TASK GOAL:
In the material below, begin at the line that has "Duranta Bicycle for sale", stop after the line that has "Bloemkool uit eigen moestuin", and transcribe those lines exactly, without pictures.

RECORDS FOR THIS TASK:

▽

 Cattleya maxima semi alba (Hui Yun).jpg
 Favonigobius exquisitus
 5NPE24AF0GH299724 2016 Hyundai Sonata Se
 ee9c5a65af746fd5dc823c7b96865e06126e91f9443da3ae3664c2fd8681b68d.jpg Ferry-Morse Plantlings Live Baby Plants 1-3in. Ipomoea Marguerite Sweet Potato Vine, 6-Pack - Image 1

△
▽

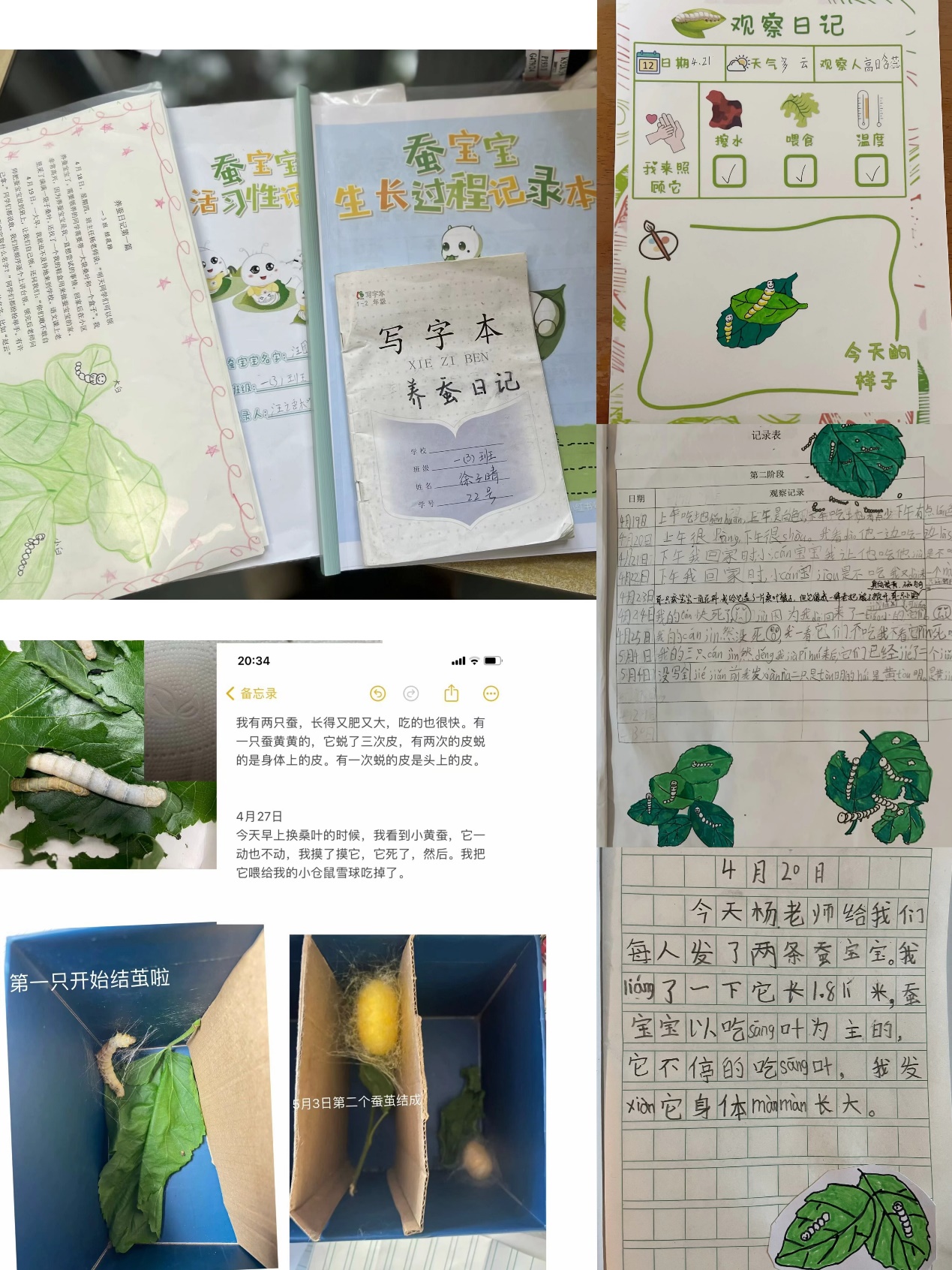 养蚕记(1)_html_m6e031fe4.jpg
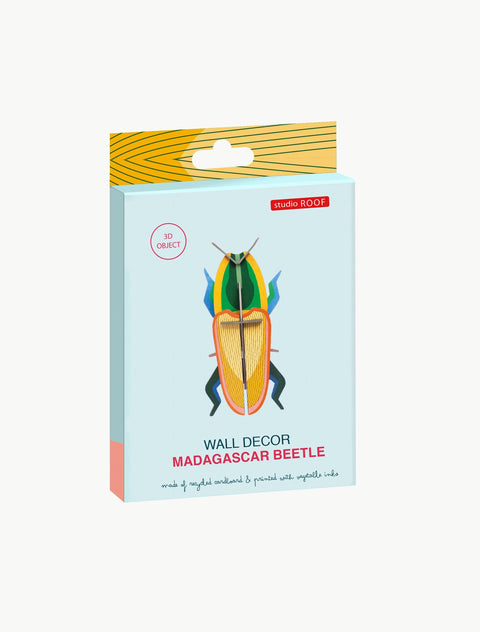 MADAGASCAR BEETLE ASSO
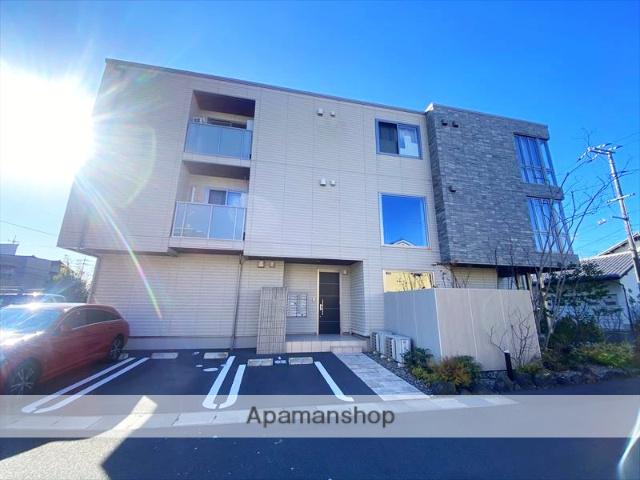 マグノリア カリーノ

△
▽

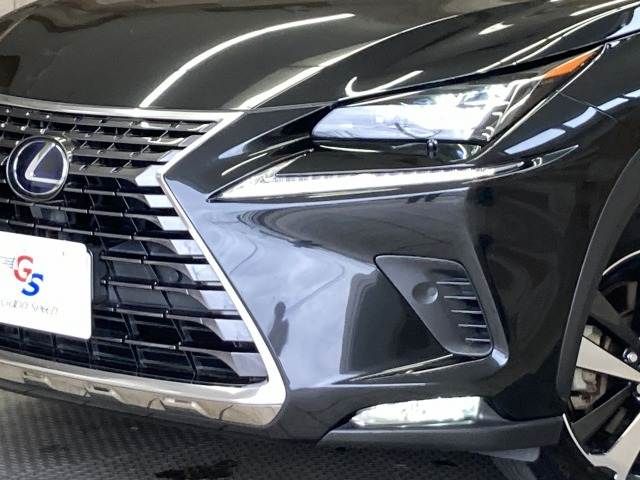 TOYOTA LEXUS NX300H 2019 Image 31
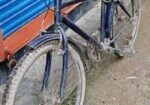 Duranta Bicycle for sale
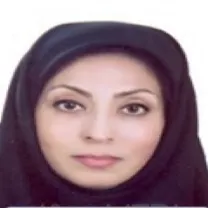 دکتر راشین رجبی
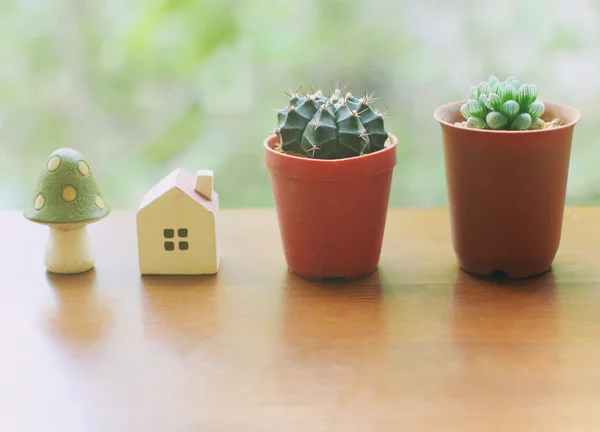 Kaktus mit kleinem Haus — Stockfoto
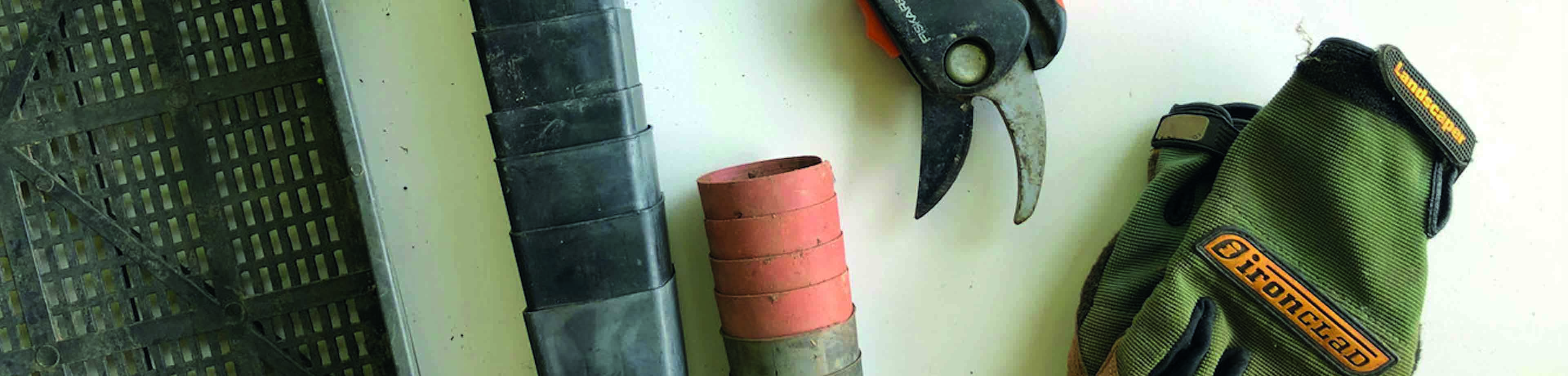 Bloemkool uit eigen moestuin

△

OUTPUT:
 Duranta Bicycle for sale
 دکتر راشین رجبی
 Kaktus mit kleinem Haus — Stockfoto
 Bloemkool uit eigen moestuin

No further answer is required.